Moduli difference of initial inverse logarithmic coefficients for starlike and convex functions

TL;DR

This paper establishes sharp bounds on the difference of the moduli of the first two inverse logarithmic coefficients for various subclasses of univalent functions, enhancing understanding of their geometric properties.

Contribution

It provides the first sharp bounds for the difference of inverse logarithmic coefficients in several important subclasses of univalent functions, with explicit extremal functions identified.

Findings

Sharp bounds for $| ext{Gamma}_2| - | ext{Gamma}_1|$ for starlike functions with respect to symmetric points.

Sharp bounds for convex functions with respect to symmetric points.
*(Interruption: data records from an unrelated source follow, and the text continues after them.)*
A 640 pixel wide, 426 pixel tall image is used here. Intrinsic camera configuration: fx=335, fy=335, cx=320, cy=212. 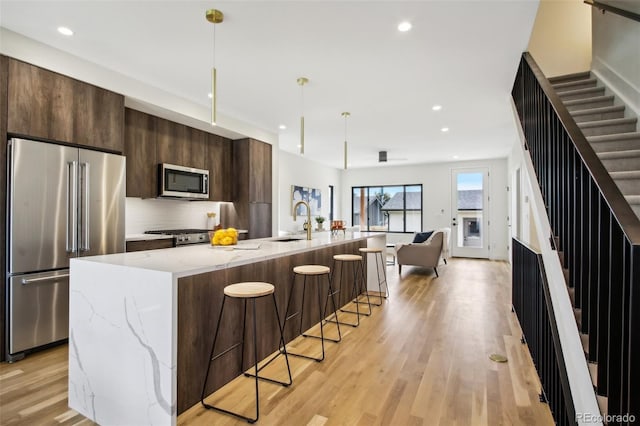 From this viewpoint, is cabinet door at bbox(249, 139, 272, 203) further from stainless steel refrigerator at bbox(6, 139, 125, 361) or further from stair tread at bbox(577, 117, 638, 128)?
stair tread at bbox(577, 117, 638, 128)

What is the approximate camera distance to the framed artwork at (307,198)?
26.0 feet

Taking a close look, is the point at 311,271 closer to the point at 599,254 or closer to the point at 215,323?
the point at 215,323

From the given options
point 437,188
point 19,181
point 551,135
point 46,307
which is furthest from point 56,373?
point 437,188

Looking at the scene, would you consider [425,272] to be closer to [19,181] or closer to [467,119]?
[467,119]

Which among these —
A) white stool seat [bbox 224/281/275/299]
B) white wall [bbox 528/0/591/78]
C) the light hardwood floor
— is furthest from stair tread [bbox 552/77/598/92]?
white stool seat [bbox 224/281/275/299]

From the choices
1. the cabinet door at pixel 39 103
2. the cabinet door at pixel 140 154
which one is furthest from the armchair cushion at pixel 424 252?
the cabinet door at pixel 39 103

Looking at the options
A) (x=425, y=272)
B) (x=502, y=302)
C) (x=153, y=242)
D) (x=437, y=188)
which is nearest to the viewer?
(x=153, y=242)

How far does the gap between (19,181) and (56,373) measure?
5.08ft

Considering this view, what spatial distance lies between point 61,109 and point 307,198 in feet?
19.0

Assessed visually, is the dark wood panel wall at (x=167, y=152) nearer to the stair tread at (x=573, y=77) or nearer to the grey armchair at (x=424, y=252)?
the grey armchair at (x=424, y=252)

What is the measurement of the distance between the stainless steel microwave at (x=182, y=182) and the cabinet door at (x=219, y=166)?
21 cm

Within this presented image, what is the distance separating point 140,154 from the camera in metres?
4.07

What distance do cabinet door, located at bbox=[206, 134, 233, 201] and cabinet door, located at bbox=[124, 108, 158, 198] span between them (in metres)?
0.94

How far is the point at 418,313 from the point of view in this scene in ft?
13.0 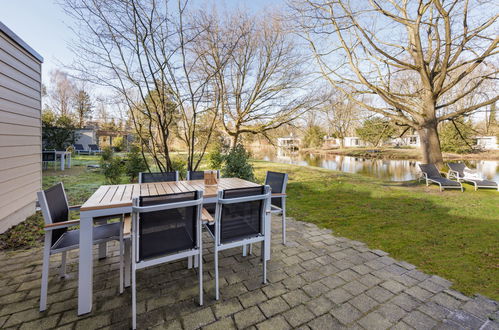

Explicit extremal functions attaining these bounds.

Abstract

Let $\mathcal{A}$ denote the class of functions $f$ that are analytic in the open unit disk $\mathbb{D}$ and satisfy the normalization conditions $f(0) = 0$ and $f'(0) = 1$. This paper investigates the inverse logarithmic coefficients $\Gamma_n$, which are defined by the expansion $\log(f^{-1}(w)/w) = 2\sum_{n=1}^{\infty} \Gamma_n w^n$. We establish sharp upper and lower bounds for the difference of the moduli of the first two inverse logarithmic coefficients, $|\Gamma_2| - |\Gamma_1|$, for several significant subclasses of univalent functions. Specifically, we derive sharp estimates for functions belonging to the class of starlike functions with respect to symmetric points ($\mathcal{S}_S^*$), convex functions with respect to symmetric points ($\mathcal{K}_S$), and functions associated with the lune domain ($\mathcal{S}_{\leftmoon}^*$ and $\mathcal{C}_{\leftmoon}$). The results are obtained by employing subordination techniques and utilizing sharp estimates for the coefficients of Schwarz functions. In each case, the extremal functions that attain these bounds are explicitly identified. Our findings provide further insights into the geometric properties of inverse mappings and extend recent research on coefficient functionals in geometric function theory.